Amazonは先頃、開発者が使い慣れたプログラミング言語を使ってクラウドインフラストラクチャのモデリングやプロビジョニングのできる、拡張可能なオープンソースソフトウェア開発フレームワークAWS Cloud Development Kit(CDK)の一般提供を開始すると発表した。
昨年、AmazonはCDKの開発者向けプレビュー版をリリースして、このフレームワークの展開に開発者を迎え入れた。プレビューリリースではTypeScript、JavaScript、およびJavaがサポートされていたが、その後.NETとPythonが追加されている。今回のGAリリースでは、TypeScriptとPythonがサポートされる。これらの言語を使用することで、開発者は、YAML(プログラミング言語の機能を持たないデータのシリアル化言語)よりもクラウドインフラストラクチャをより適切に定義できる。AWSのエバンジェリストであるDanilo Poccia氏がブログ記事で、CDKのGAリリースについて次のように述べている。
個人的には、AWS CDKを使用することで、IDE上で同じプログラミング言語を使って、最近のIDEが備えているオートコンプリートやパラメータサジェスチョンのサポートを受けながら、ツールやテクノロジを切り替えることによるメンタルスイッチの必要なく、インフラストラクチャを含むアプリケーションの開発を行えることが気に入っています。

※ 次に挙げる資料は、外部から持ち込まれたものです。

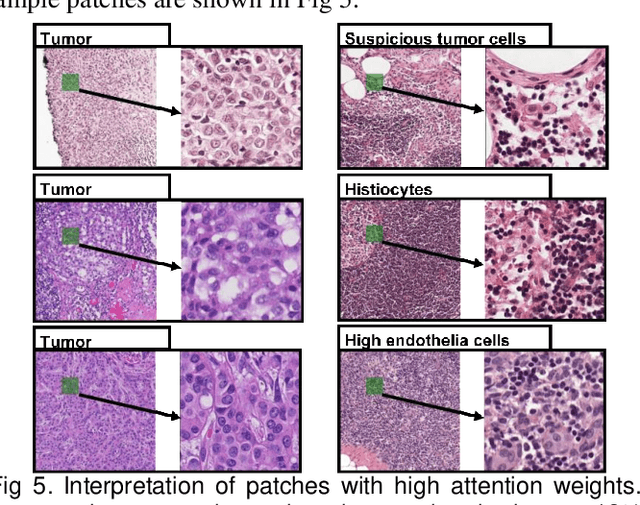 Figure 3 for Cross-attention-based saliency inference for predicting cancer metastasis on whole slide images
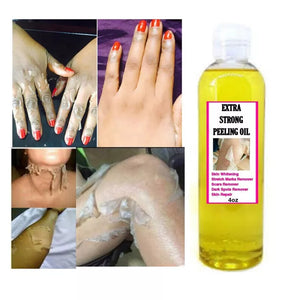 Yellow peeling oil strong yellow peeling oil Lighten elbows knees hands melanin even skin tone and whiten skin - Limbarosestore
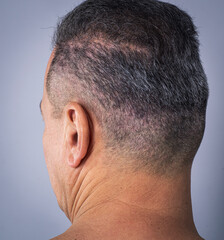 Fototapeta premium back of the head view fof a middle aged man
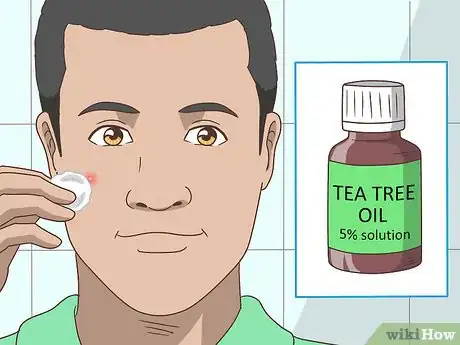 Image titled Get Rid of a Pimple Step 10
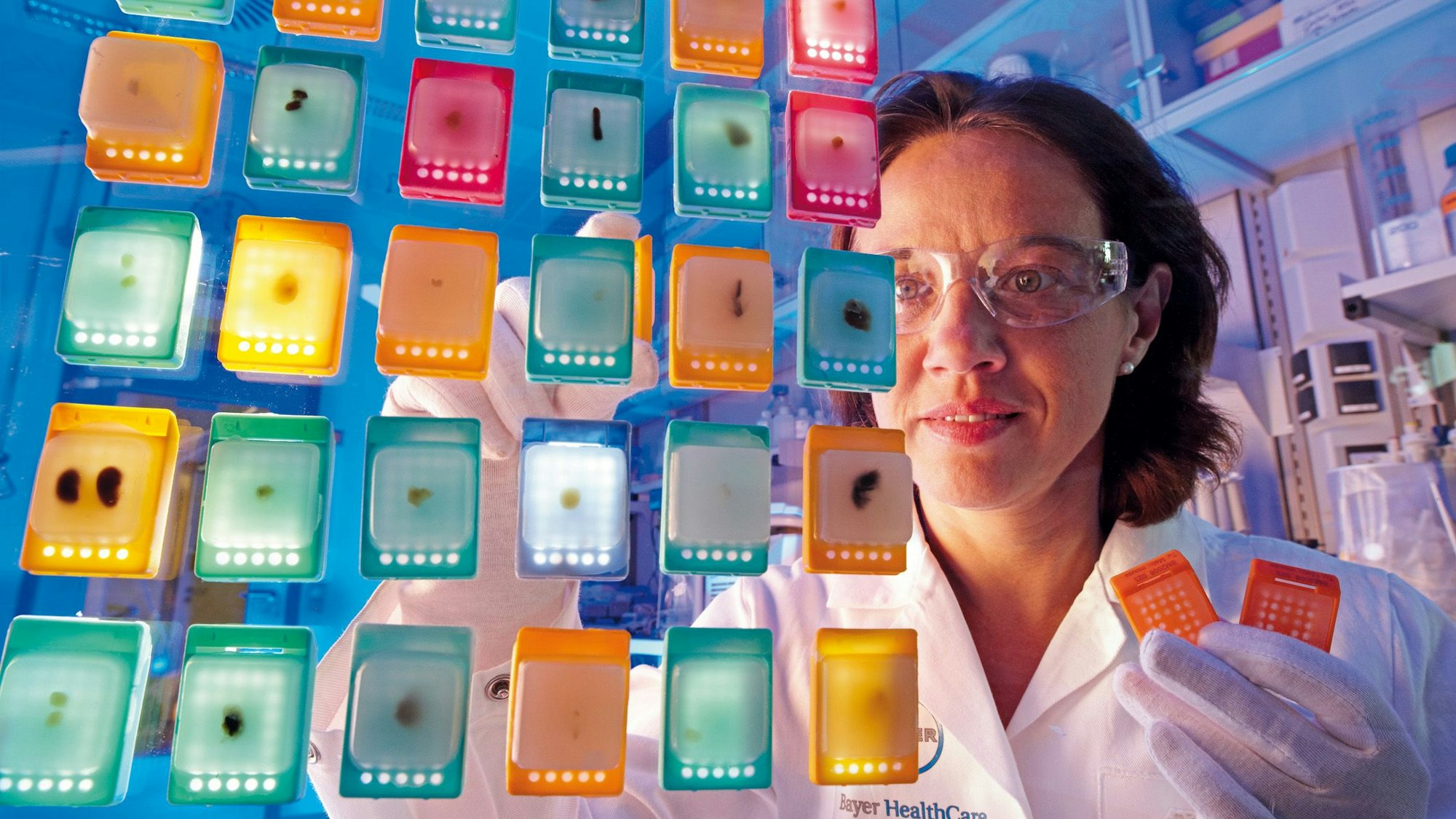 Sichtung von Gewebepräparate mit Tumorproben zunächst mit bloßem Auge. Die Entwicklung von Krebsmedikamenten ist ein Schwerpunkt der Pharma-Sparte von Bayer.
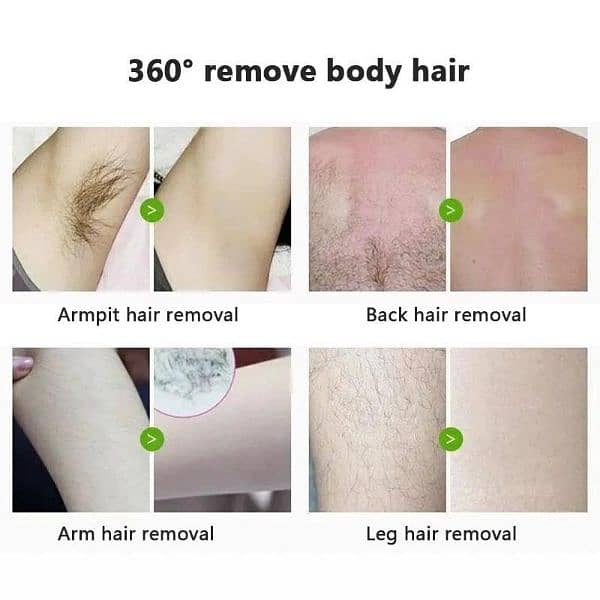 pailnless hair Removal hair Removal dream 2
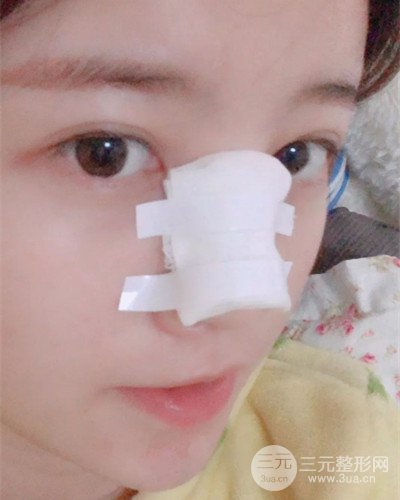 成都天使之翼金輝假體隆鼻案例前后對(duì)比圖分享~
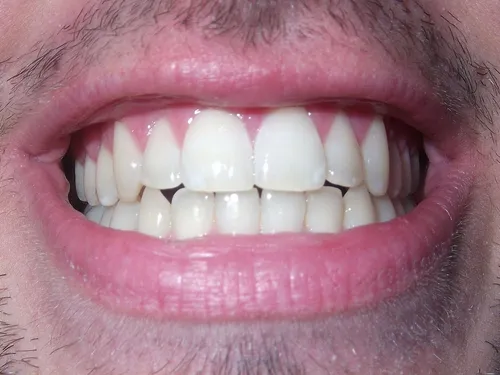 Très attendu, le centre bucco-dentaire du CHU d’Amiens ouvre lundi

さらには、管理者と開発者が、インフラストラクチャとアプリケーションコードを同じリポジトリに保持することが可能になる。変更の予測可能性が高まり、継続的テストが簡単になり、アプリケーションとインフラストラクチャのアップデートが同じツールで作業できるようになることから、結果として品質が向上する。
出典: https://aws.amazon.com/cdk/
AWS CDKのコンセプトは単純で、すべてのもの — S3バケットのような単一のリソースから、複数のAWSアカウントやリージョンに展開するマルチスタックアプリケーションに至るまで、あらゆる複雑性を持ったアーキテクチャを表現するクラウドコンポーネント — がコンストラクト(construct)なのだ。開発者あるいは管理者は、コンストラクトを生成したり、他のコンストラクトで使用したりすることで、いわゆるスタックを構成することができる。構成したスタックは、AWS環境、あるいはアプリ、ひとつ以上のスタックによるコレクションにデプロイすることが可能だ。
CDKアプリケーションの作成と管理には、Node.jsを使用するコマンドラインツールであるAWS CDK Command Line Interface(CLI)が使用できる。このCLIでは次のような、さまざまなコマンドが実行可能である。
- cdk init — 現在のディレクトリ内で、サポートされるプログラミング言語のひとつを使った新たなCDKプロジェクトを初期化する
- cdk deploy — AWSアカウントにアプリをデプロイする
"cdk"コマンドを実行すれば、使用可能な他のコマンドとオプションを確認することができる。JenkinsやAWS CodeBuildを使用している場合には、デプロイメント自動化ワークフローにCDK CLIを含めることも可能だ。
開発者と管理者は、CDKを無償で使用することができる。現時点では、TypeScriptバージョンとPythonバージョンのSDKが提供されている。CDKはオープンソースである。さらにGitHubでは、CDKプロジェクトのサンプルや、詳細を記載したドキュメントが提供されている。